### What this task involves:
From the line that contains "Candy Pink - Sico" to the final line of the entries, return every line exactly and leave out all others.

BEGIN Material for the task

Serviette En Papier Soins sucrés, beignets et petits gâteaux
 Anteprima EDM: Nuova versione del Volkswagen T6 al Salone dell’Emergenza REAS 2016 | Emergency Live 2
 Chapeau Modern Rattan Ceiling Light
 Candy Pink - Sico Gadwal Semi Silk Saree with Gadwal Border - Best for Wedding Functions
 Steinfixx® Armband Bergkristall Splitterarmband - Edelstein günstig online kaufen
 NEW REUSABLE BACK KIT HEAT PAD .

END Material for the task

### Expected output:
 Candy Pink - Sico Gadwal Semi Silk Saree with Gadwal Border - Best for Wedding Functions
 Steinfixx® Armband Bergkristall Splitterarmband - Edelstein günstig online kaufen
 NEW REUSABLE BACK KIT HEAT PAD .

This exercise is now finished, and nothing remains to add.